The reply should hold every record, copied exactly, and none of the pictures.

——

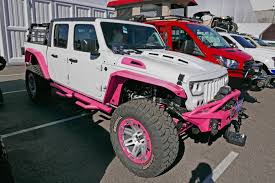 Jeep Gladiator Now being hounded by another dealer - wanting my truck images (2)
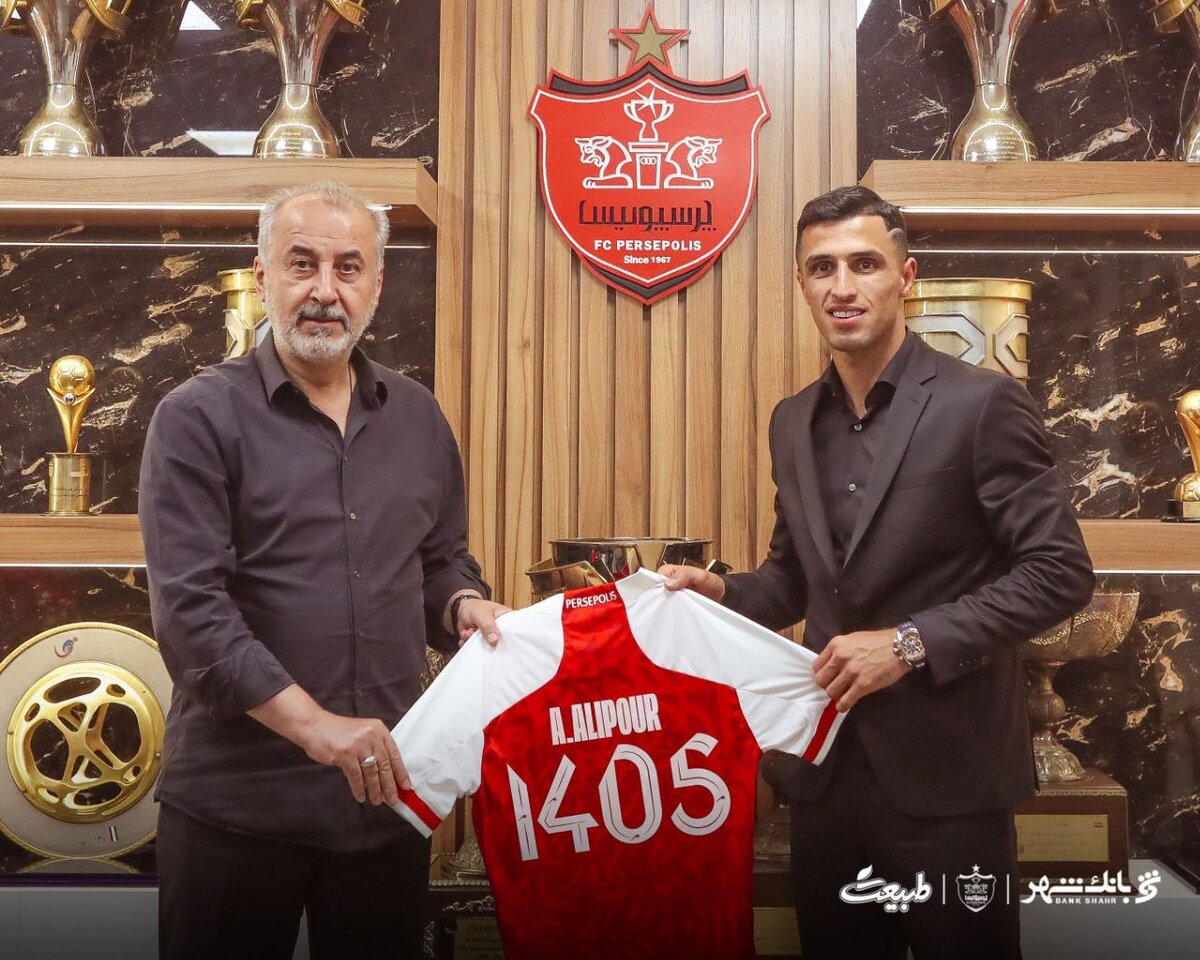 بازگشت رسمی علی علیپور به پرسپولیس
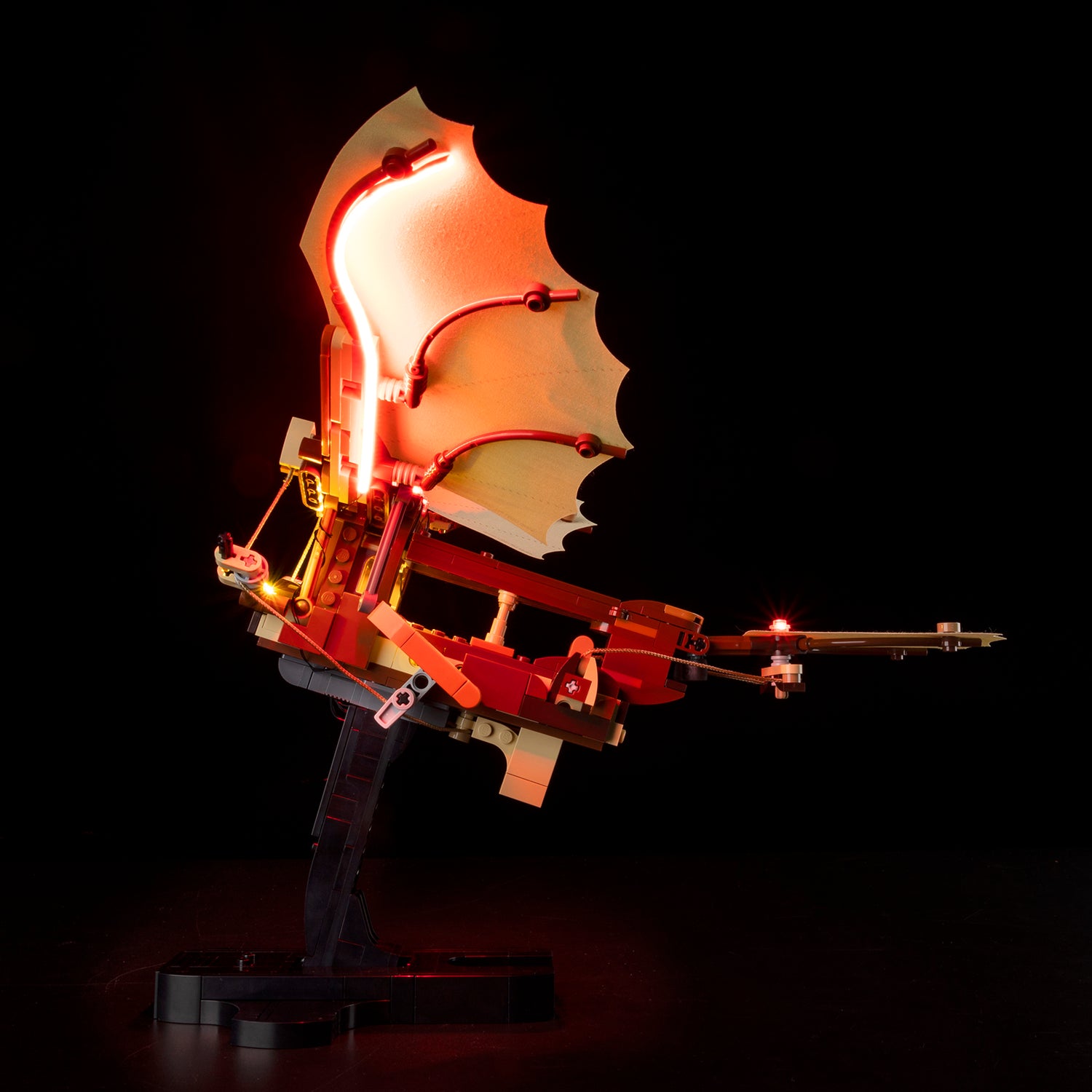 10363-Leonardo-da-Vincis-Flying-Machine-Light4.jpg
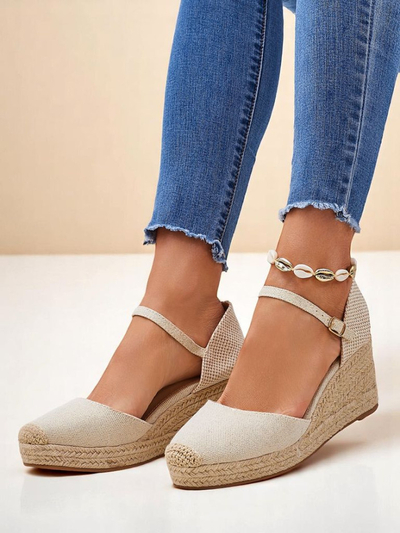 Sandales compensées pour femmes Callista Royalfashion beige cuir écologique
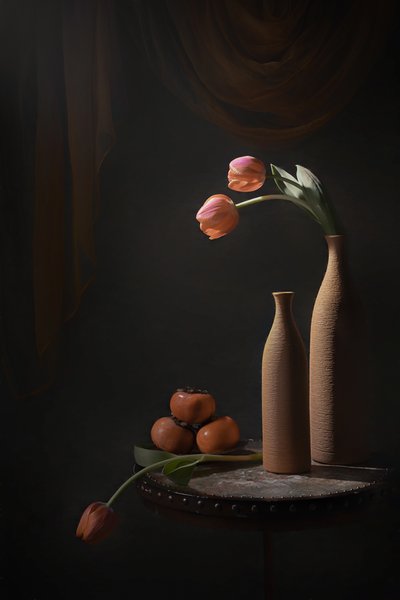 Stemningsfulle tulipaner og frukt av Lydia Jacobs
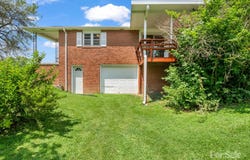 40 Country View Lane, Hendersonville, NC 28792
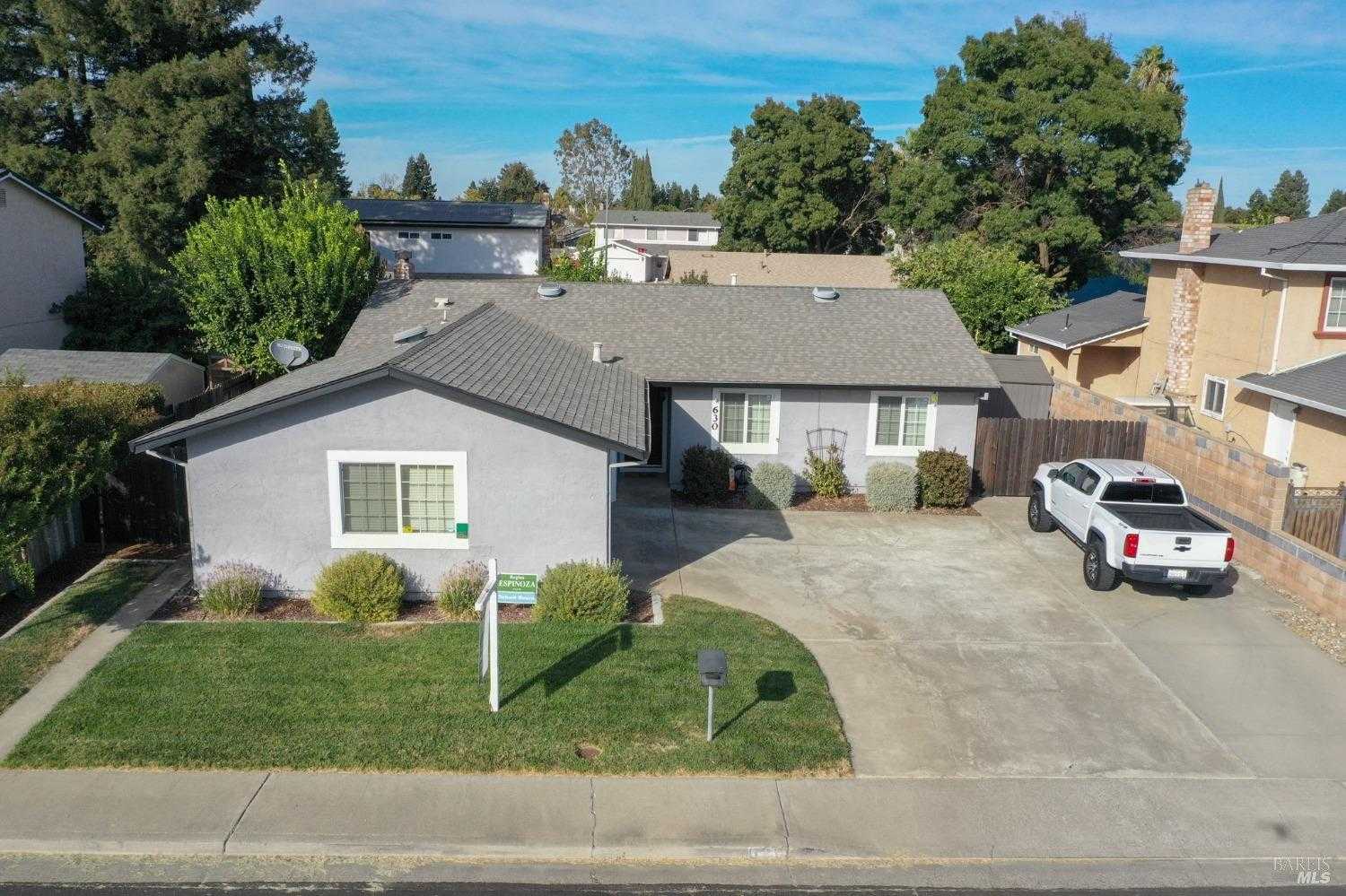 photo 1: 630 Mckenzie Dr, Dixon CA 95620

——

Your solution
 Jeep Gladiator Now being hounded by another dealer - wanting my truck images (2)
 بازگشت رسمی علی علیپور به پرسپولیس
 10363-Leonardo-da-Vincis-Flying-Machine-Light4.jpg
 Sandales compensées pour femmes Callista Royalfashion beige cuir écologique
 Stemningsfulle tulipaner og frukt av Lydia Jacobs
 40 Country View Lane, Hendersonville, NC 28792
 photo 1: 630 Mckenzie Dr, Dixon CA 95620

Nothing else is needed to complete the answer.